Studying a language can be very rewarding. Not only will you be able to communicate with people from a different country than your own, you can get an insight into a whole new culture. I studied Chinese as a part of my degree, and it has been a lot of fun getting an insight into Chinese culture and society as well as understanding the language. Here are some reasons why you study a language, and how you can do it at Portsmouth.
It’s not as difficult as you think
Many think learning a new language is very difficult, and this stops them from doing it. But if you use the available resources around you it doesn’t have to be that hard. You can find language classes at the university, and possibly in private collages and evening schools around the country, or you can try and find a tutor who is willing to help you. Make friends whose first language is your target language. And you can also explore the vast range of language learning apps such as DuoLingo and Memrise.
Empower your employability
Knowing a second language can be very helpful when applying for a job. We live in a globalised world where more and more jobs are international. If you know more than one language it can sometimes lead to your dream job. It will definitely add something to your CV.
Discover a new culture
Knowing the language of a culture you might be interesting means you can actually feel and be a part of it. As your level increases you will be able to understand the jokes and humour, discover new music, foods, art and so much more. My Chinese class were invited to perform Chinese songs and play Chinese instruments at the annual Chinese New Year’s Celebration event in Portsmouth – very fun!
Enhance your traveling experience
Many English speakers seem to think the whole world speaks English so there is no need for them to learn another language. Let me tell you this is wrong. If you enjoy traveling you will definitely benefit from speaking the same lingo as the locals as it can help you connect with them on a different level. You will be able to get around on your own, and hear the stories of the people. It is the best feeling.
Building on the previous point, it is a lot easier to make friends on your travels if you speak the same language! It can lead to life-long friendships, memories, and invitations to come visit.
You can live abroad!
If your level of fluency improves, you might even want to try living in a country where they speak your target language to get a better insight into their culture and ways. This is definitely a rewarding challenge for life. Personally I have lived in two countries where they speak languages which are not my mother tongue. And let me tell you, having lived in these countries I understand the banter, the jokes, the culture, and the people a lot better. For example, I remember watching Bridget Jones years before I moved to the UK. And yes, it was a funny film at the time, but it was not until I rewatched it after having lived in England for a year that I realised just how English the film is. All the banter and jokes about Christmas jumpers, etc. I only understood after living here!

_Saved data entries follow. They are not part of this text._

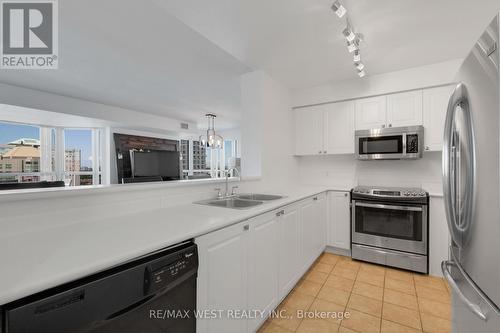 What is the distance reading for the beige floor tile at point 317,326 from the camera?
1686 millimetres

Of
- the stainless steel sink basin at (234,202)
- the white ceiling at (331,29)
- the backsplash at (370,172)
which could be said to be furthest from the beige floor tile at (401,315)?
the white ceiling at (331,29)

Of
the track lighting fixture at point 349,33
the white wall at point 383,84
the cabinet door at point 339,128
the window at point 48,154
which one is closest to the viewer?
the track lighting fixture at point 349,33

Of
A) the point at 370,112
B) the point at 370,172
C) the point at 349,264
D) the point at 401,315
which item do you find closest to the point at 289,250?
the point at 401,315

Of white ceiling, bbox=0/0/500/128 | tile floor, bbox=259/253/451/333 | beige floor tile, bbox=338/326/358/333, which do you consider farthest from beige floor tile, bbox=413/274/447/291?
white ceiling, bbox=0/0/500/128

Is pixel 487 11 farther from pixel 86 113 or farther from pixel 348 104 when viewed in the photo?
pixel 86 113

Learn a language at Portsmouth
At Portsmouth you can often learn a language as part of your degree, or just for interest. As part of your degree you can have a language in your degree title (like mine does, International Relations and Languages), where the language is a very integrated in the units. This is, however, a very big commitment and a lot of work, so alternatively many can also choose to do a language unit in second year, and I believe this also applies to courses from other departments. The third option is to do a language for interest via IWLP. You start off in Level 4, and through first and second years you can do a language course for interest, not part of your course, for free! Perfect if you aren’t sure a language is something you want to do as a degree! I’ve heard the workload and pace of the course is manageable because the teachers realise you are doing this for interest and that you do have other coursework.
In addition you have the Global Café in Park Building every Wednesday where you can meet language partners and practice your target language.

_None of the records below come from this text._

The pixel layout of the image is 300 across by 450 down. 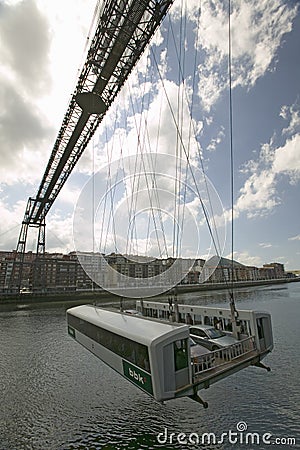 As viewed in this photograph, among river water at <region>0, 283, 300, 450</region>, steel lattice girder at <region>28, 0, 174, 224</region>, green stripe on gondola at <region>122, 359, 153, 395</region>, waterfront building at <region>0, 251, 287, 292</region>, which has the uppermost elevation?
steel lattice girder at <region>28, 0, 174, 224</region>

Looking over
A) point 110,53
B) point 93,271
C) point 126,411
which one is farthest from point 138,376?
point 93,271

My tips for learning a language
Definitely attend classes, do your homework, and use your teacher’s knowledge for what its worth. I am a master at procrastinating and leaving everything until the last minute, but you simply cannot learn a language the day before the exam. Language-learning is a curve. It goes up and down, and the more your practice the better you get. Have a look around, Portsmouth is a very international university and people come here from all over the world. So even if the university may not offer classes in the language you wish to study, maybe someone is willing to teach you in their spare time.
Sorry this post is mainly about Chinese but it’s the only language I’ve got experience studying at university. There are, of course, many other interesting languages as well such as Spanish, French, German, and Portuguese!
Do you study a language? And if not, is there a language you would really like to learn?